Fixez aussi, poliment, un délai raisonnable de réponse (une quinzaine de jours, par exemple). Cela cadre l’échange et vous permet de passer à l’étape suivante sans avoir à vous justifier si rien ne vient.
Si le refus persiste : inspection du travail et prud’hommes
Quand le dialogue échoue, deux voies s’ouvrent.
L’inspection du travail d’abord. Vous pouvez la saisir pour signaler l’absence de contrat ou de déclaration. Elle peut contrôler l’entreprise, rappeler l’employeur à ses obligations, voire constater une infraction.
Le conseil de prud’hommes ensuite. C’est lui qui peut faire reconnaître officiellement votre situation et en tirer les conséquences : requalification d’un CDD ou d’un temps partiel, rappels de salaire, et, si vous n’étiez pas déclaré, l’indemnité forfaitaire pour travail dissimulé égale à 6 mois de salaire. Ces sommes se cumulent.
Un point de vigilance : les délais. Selon la demande, vous disposez d’un temps limité, souvent décompté à partir de la fin de la relation de travail, pour agir. Ne laissez pas traîner, et faites-vous aider si besoin : un syndicat, un avocat ou une permanence juridique gratuite peuvent vous accompagner.
À quoi s’attendre ? La procédure prud’homale n’est ni immédiate ni automatique : elle demande un dossier étayé et un peu de patience. Mais l’issue est souvent favorable au salarié lorsque les preuves sont là, précisément parce que la charge de la régularité pèse d’abord sur l’employeur. Beaucoup de dossiers se règlent d’ailleurs avant l’audience, par une régularisation ou un accord amiable.
Gardez enfin en tête que ces démarches restent votre droit : réclamer un contrat ou saisir la justice ne peut pas légalement vous être reproché. Un employeur qui vous sanctionnerait pour cette raison commettrait une nouvelle faute.
Et si vous voulez partir sans contrat signé ?
L’absence de contrat pose aussi problème le jour où vous partez. Sans écrit, votre employeur peut être tenté de qualifier votre départ à sa guise — « abandon de poste », « démission » — pour compliquer vos droits au chômage. Là encore, la réalité prime sur les mots.
Quelques repères utiles :
- Si un CDD s’est poursuivi après son terme sans nouveau contrat, il est automatiquement requalifié en CDI : vous n’êtes pas « hors délai », vous êtes en CDI.

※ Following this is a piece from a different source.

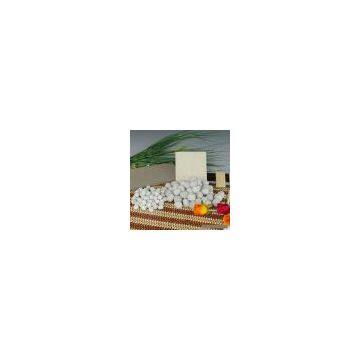 Sell Light Foamed Ceramic Products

- Annoncez toujours votre départ par écrit, en gardant une trace, plutôt que de cesser simplement de venir.
- Contestez par écrit toute mention inexacte sur vos documents de fin de contrat (attestation, solde de tout compte).
En cas de désaccord sur les conditions de votre départ, le conseil de prud’hommes tranche : c’est lui qui rétablit la nature réelle de la rupture et les droits qui vont avec.
Autrement dit, ne partez jamais « en claquant la porte » sans laisser de trace écrite : c’est souvent ce qui fait la différence entre des droits préservés et une bataille inutile.
Un employeur qui refuse un contrat écrit se met, la plupart du temps, en position de faiblesse — pas vous. En rassemblant vos preuves, en demandant par écrit puis en actionnant les bons recours, vous transformez une situation subie en dossier solide. Le plus important : agir tôt, calmement, et par écrit. Ce sont ces trois réflexes, bien plus que la colère ou la précipitation, qui font gagner les dossiers.